◆ RECORDED INFORMATION ◆
★ ★ ★ ★ ★ ★ ★

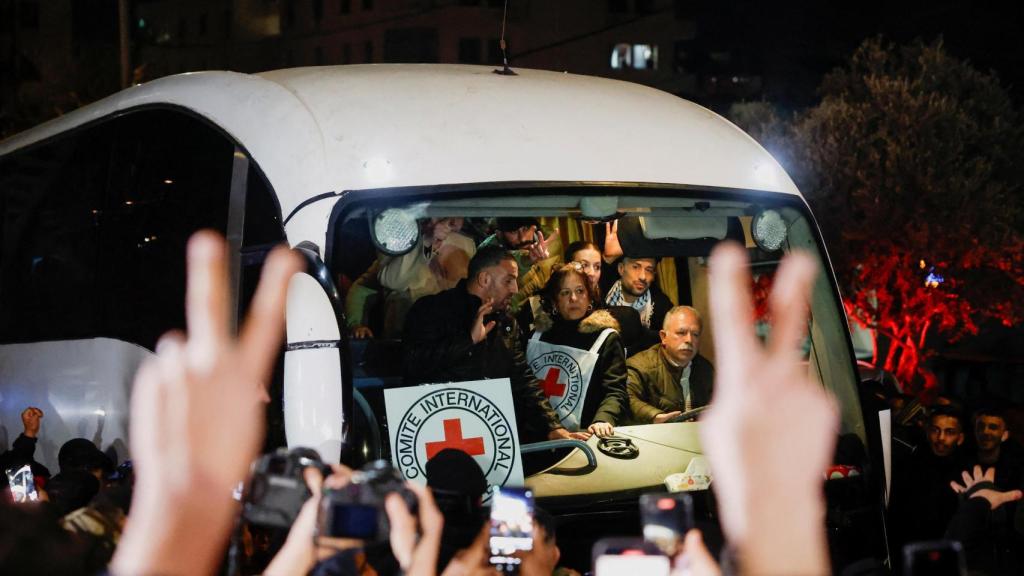 Los presos palestinos liberados llegan a Ramala.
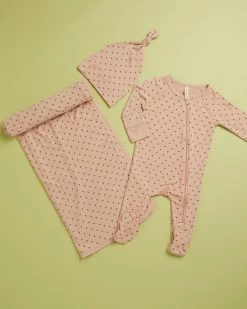 Top 10 🧨 Quincy Mae Bamboo Layette Set - Babies Petal & Hearts 😉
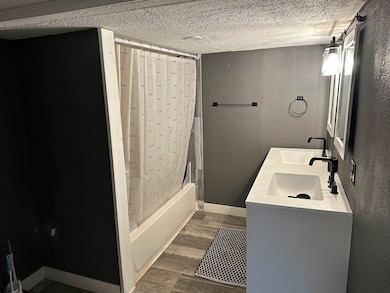 320 E 27th St, Kearney, NE 68847 - photo 6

★ ★ ★ ★ ★ ★ ★

Your task is to output the material word for word while leaving out every image.

 Los presos palestinos liberados llegan a Ramala.
 Top 10 🧨 Quincy Mae Bamboo Layette Set - Babies Petal & Hearts 😉
 320 E 27th St, Kearney, NE 68847 - photo 6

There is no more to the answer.